### Exercise objective
An exact reproduction of the data below is expected, free of images.

##### Data provided #####

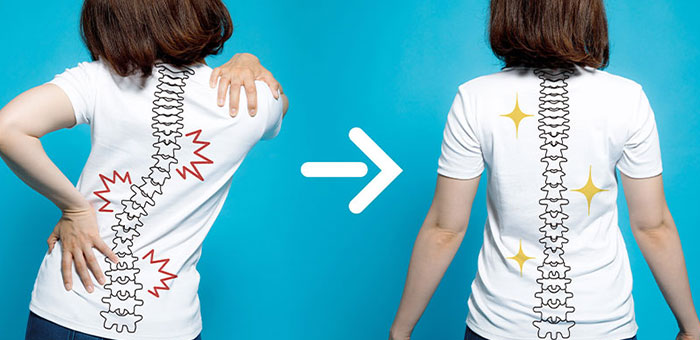 Chiropractic for good posture in Santa Rosa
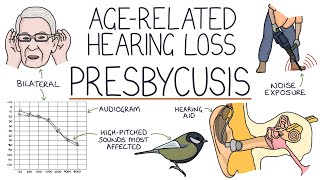 Understanding Presbycusis AgeRelated Hearing Loss [upl. by Alekin]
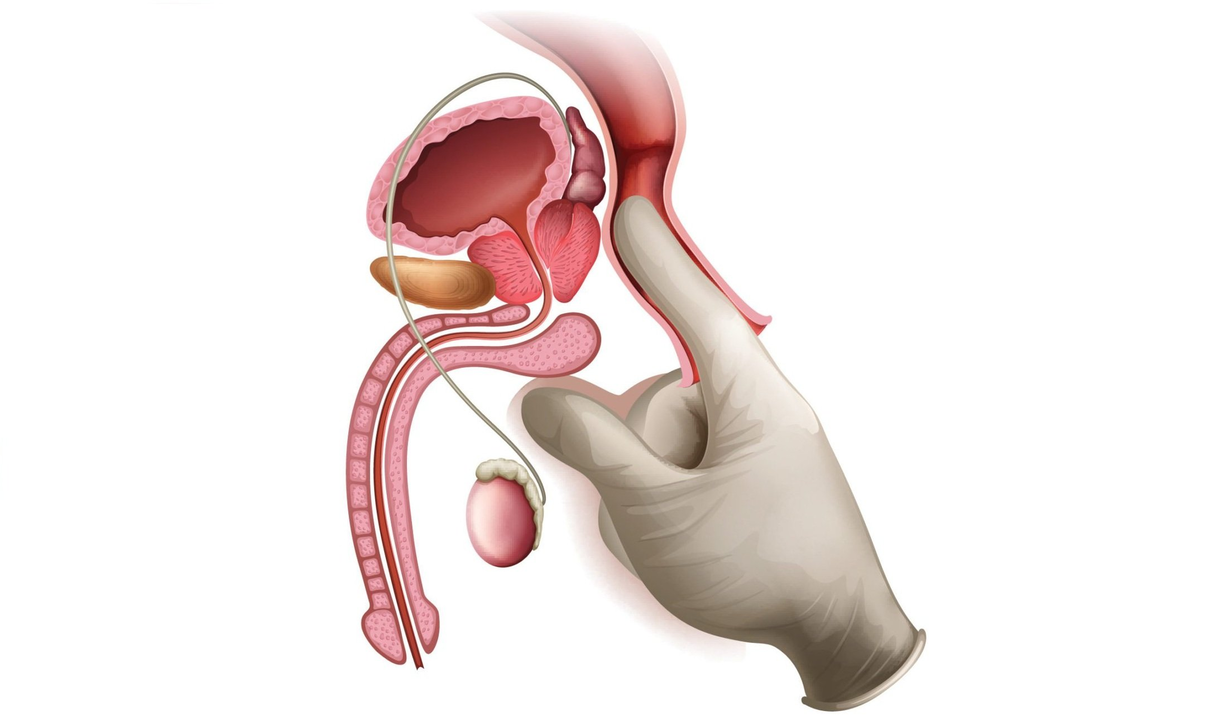 Masaža prostate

#####

### Result for this task
 Chiropractic for good posture in Santa Rosa
 Understanding Presbycusis AgeRelated Hearing Loss [upl. by Alekin]
 Masaža prostate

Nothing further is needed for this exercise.